Review of 2018: 1 - BBC 6 Music

I can't remember why I started listening to BBC 6 Music on a regular basis but I know I started around May of this year (2018 AD), a few weeks before their Biggest Weekend in Belfast. I'm quite an avid radio listener and have gone through various phases over the last few years, especially as far as listening during my one-hour (or more) morning commute to work is concerned. I've listened to various Italian stations (including a unusually entertaining economics/politics show on Radio 24, the host of which suddenly and mysteriously 'disappeared') but they are on the whole dominated by annoying adverts, which are a pet hate of mine, even on UK commercial stations. You can't avoid them here because they're on the state broadcaster radio & TV stations too.

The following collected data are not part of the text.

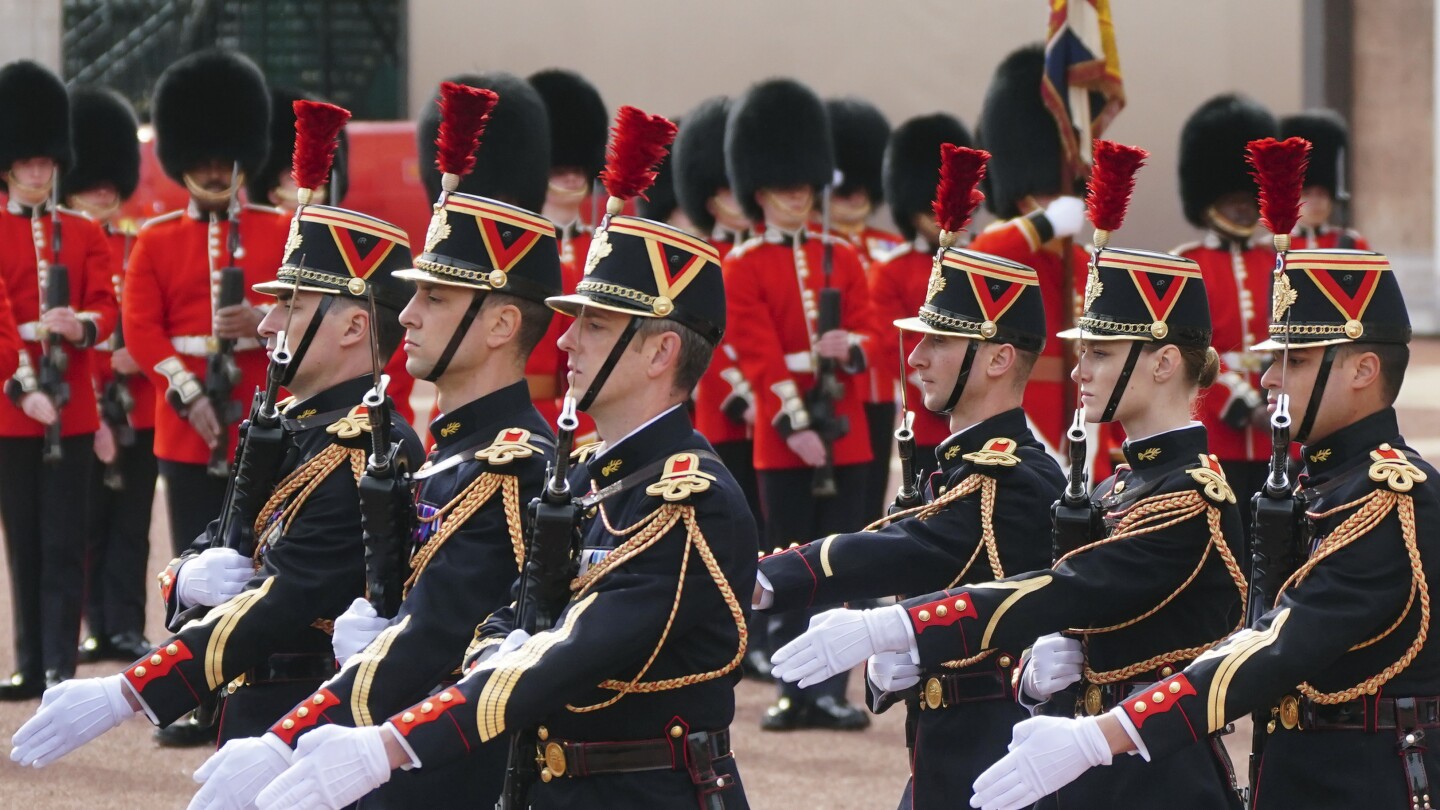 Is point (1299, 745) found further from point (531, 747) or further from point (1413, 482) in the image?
point (531, 747)

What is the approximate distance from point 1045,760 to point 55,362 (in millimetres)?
4465

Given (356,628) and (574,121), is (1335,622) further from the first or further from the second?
(574,121)

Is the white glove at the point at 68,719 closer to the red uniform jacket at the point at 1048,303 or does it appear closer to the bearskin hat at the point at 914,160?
the red uniform jacket at the point at 1048,303

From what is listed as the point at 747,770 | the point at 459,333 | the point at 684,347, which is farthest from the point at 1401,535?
the point at 747,770

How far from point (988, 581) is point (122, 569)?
170 inches

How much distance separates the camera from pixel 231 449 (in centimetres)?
675

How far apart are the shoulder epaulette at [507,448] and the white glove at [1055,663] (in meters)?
0.96

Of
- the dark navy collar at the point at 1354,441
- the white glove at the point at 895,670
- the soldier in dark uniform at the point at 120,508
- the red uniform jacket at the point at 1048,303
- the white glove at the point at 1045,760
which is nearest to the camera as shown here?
the white glove at the point at 1045,760

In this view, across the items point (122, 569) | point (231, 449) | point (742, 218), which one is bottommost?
point (122, 569)

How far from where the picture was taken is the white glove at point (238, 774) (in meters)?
3.22

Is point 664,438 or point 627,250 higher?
point 627,250

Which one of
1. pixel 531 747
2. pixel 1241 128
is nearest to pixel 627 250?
pixel 531 747

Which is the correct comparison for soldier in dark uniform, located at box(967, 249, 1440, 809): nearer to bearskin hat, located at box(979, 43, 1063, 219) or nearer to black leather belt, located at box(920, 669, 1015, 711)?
black leather belt, located at box(920, 669, 1015, 711)

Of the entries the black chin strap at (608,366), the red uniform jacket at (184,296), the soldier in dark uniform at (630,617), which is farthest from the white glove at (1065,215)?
the black chin strap at (608,366) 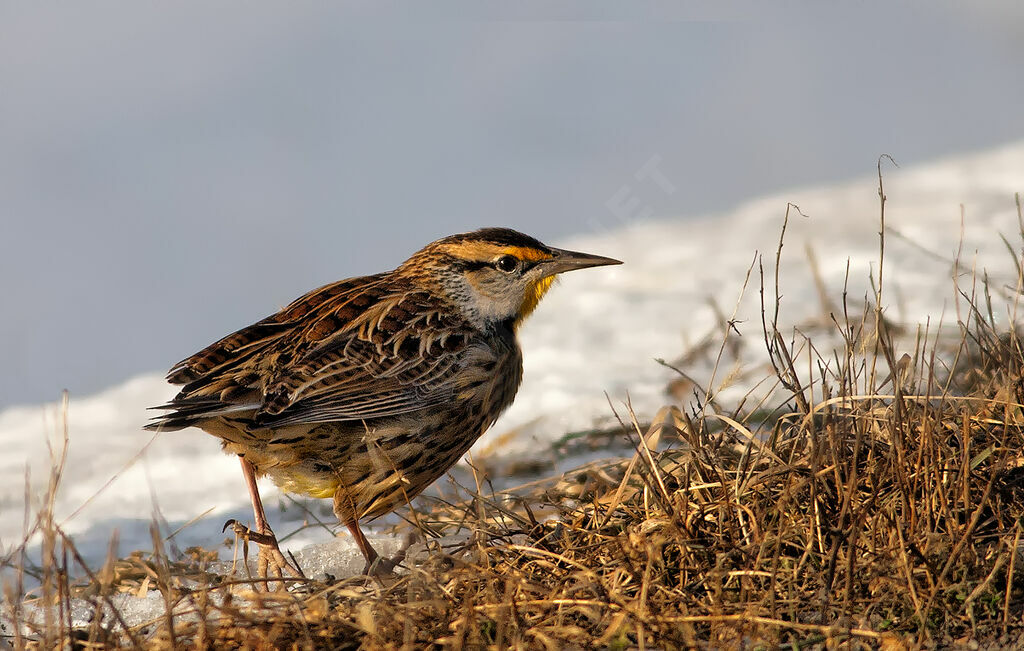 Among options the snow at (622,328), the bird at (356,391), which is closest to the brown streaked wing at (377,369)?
the bird at (356,391)

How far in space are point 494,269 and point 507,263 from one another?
0.07 m

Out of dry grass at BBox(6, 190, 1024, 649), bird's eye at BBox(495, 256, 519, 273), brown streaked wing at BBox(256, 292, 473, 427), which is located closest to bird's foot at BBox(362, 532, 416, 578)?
dry grass at BBox(6, 190, 1024, 649)

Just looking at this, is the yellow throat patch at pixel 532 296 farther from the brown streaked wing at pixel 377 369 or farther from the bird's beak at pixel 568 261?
the brown streaked wing at pixel 377 369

A few years back I moved on to BBC Radio 3, especially the Breakfast show, and became particularly fond of Clemency Burton Hill, who much to my chagrin found a rich husband, bore a child and then moved off to NYC. Clemmy aside, I enjoyed at least trying to listen to and appreciate classical music via R3 (a lifetime goal, still unrealised), also due in part to the fact that I was disillusioned with the state of modern music, which seemed of little interest to me.
I've also been through various Radio 4 programmes, especially the quizzes, plus In Our Time etc.. For most of 2017 my morning listening routine was Farming Today, Tweet of the Day, Today ...then over to R3 Breakfast. I had become the perfect late middle-aged, cultured, listener of 'posher' radio.

I had approached 6 Music listening on an irregular basis over the last 7/8 years or so, but what they were playing seemed a long, long way from my musical tastes, which were sadly very much connected to stuff I'd been listening to during my late teens/early twenties. I just didn't get new 'alternative' music just as I didn't get the mainstream pop/charts music. However, for some unknown reason I switched on to BBC6 last Spring and have been hooked ever since to some of their regular shows. The early-risers Chris Hawkins and Sean Keaveny* have become my favourites over the year, but even via the youngster Tom Ravenscroft (imagine my surprise when I discovered who his father was) and others such as Lauren Laverne. Nemone and the somewhat more annoying Steve Lamacq and Radcliffe & Maconie, I have at last got my finger, at least partially, on the pulse of modern 'alternative' music which seems to be in a fairly healthy state.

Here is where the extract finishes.